In the United States, antitrust policy is embodied in the Sherman Act of 1890, the Clayton Act of 1914, and the judicial interpretations of these statutes. The central antitrust policy goal is to protect the competitive process from collusion and monopoly in order to promote consumer welfare. Public enforcement of the antitrust laws deters unlawful conduct through the threat of fines and imprisonment. Private enforcement provides deterrence through private damage suits that can result in treble damage awards. Private damage suits also serve a remedial purpose by compensating antitrust victims. There is, however, a gap in this protection for umbrella victims in some parts of the United States.

Since the Clayton Act is a federal statute, its application should be uniform throughout the nation.
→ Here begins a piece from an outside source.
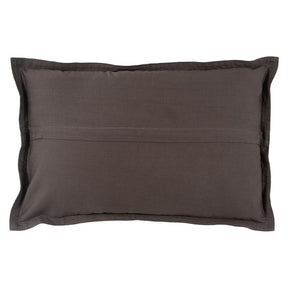 Grey nubuck leather cushion showing textile backing and stitched seam detail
For nearly four decades, however, whether umbrella plaintiffs have antitrust standing to sue for damages has depended upon the jurisdiction in which they reside. (5) In 1979, the Third Circuit denied standing to umbrella plaintiffs in Mid-West Paper. (6) On the heels of this decision, the Fifth Circuit granted standing to umbrella plaintiffs in Beef Industry Antitrust Litigation. (7) In doing so, it explicitly rejected the holding in Mid-West Paper. Since then, the Ninth Circuit joined the Third in rejecting umbrella claims while the Seventh Circuit joined the Fifth in admitting them. This split has persisted because the Supreme Court has not spoken, leaving open the unresolved policy question of whether umbrella plaintiffs should be granted standing. Recently, there has even been a split within the Ninth Circuit, which we examine below.

In this article, (8) we identify the judicial concerns regarding umbrella damage claims, which can be traced to Mid-West Paper and Petroleum Products Antitrust Litigation. According to the decisions in these two cases, the fact of injury is conjectural and the magnitude of the damages is speculative. We note that these original concerns can be partly attributed to the incomplete acceptance of economic theory by the judiciary and to the state of econometric analysis at the time of those judicial decisions. (10) We show that economic analysis coupled with modern econometric techniques can address the judicial concerns in many circumstances. …

Search by... Author
Show... All Results Primary Sources Peer-reviewed

Oops!

An unknown error has occurred. Please click the button below to reload the page. If the problem persists, please try again in a little while.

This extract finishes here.